You may not realize it, but there is a cost associated with everything you do.  I am not talking about money here, although many times our decisions do involve dollars and cents. No, I am referring to opportunity costs - those things we give up when we make a decision. Each and every choice we make costs us something we are NOT doing.

In terms of our budgets, the decision to buy a car likely means we cut back on eating out, trips to the movie theater, or a family vacation.  Those are all costs of buying a car, in addition to the amount you are paying your bank or a dealership.

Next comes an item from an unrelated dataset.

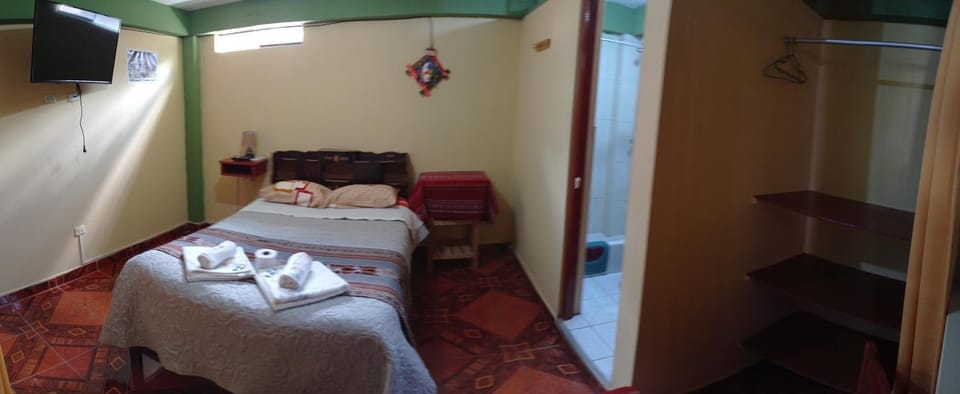 Bed, TV and multimedia, Photo of the whole room, Bedroom, towels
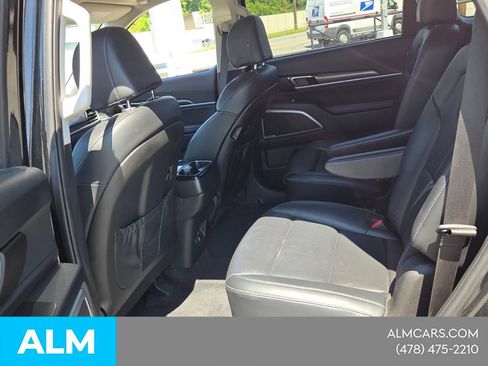 Used 2025 Kia Telluride S FWD image 9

But, while financial decisions are concrete examples of costs that hit our wallets, there's a resource far more valuable in terms of opportunity costs: time.  When we choose to spend our time one way, we relinquish our ability to spend it another way. And that means the stakes are high.  Sometimes we can earn or make the money back that we spend.  But, we cannot get the time back.
  • When you choose to spend an hour browsing the internet, what are you giving up?
  • When you live on Facebook, Twitter, Instagram, Foursquare, etc - what are you surrendering?
  • When you watch Judge Judy, Days of Our Lives, Dr. Phil, and Ellen each day, what are you missing out on?
Conversely, there are also costs associated with our supposed "wise" choices in life:
  • When you go on a four-mile hike, you may sweat, ache, and burn - you are giving up relaxation.
  • When you serve at a concession stand at a high school football game, you are allowing parents watch their kids play...but there are other things you could be doing - Friday night movie? A night out with the boys? A date night with your wife?
  • When you coach your son or daughter's team, you are pouring into kids who need positive influences in their lives.  But, you are sacrificing some things as well - sitting on the sidelines as a fan, not having to worry about lineup cards, dealing with umpires/officials, planning for practices and games.
Generally speaking, I don't believe people weigh their choices.  Most times we just fly by the seat of our pants.  We are not intentional.  We make choices in the moment, rather than contemplating the possible ramifications of our decisions.  And, in the end, most of us just wind up doing what appeals to us the most.  Meanwhile, we surrender our ability to make calculated investments in the lives of those we love the most.

So, here's the question:  What is greater - the rewards you receive for the small sacrifices you make, or the potential you've squandered by chasing things that matter little?

Everything has a cost.  You just may never see it until it's too late.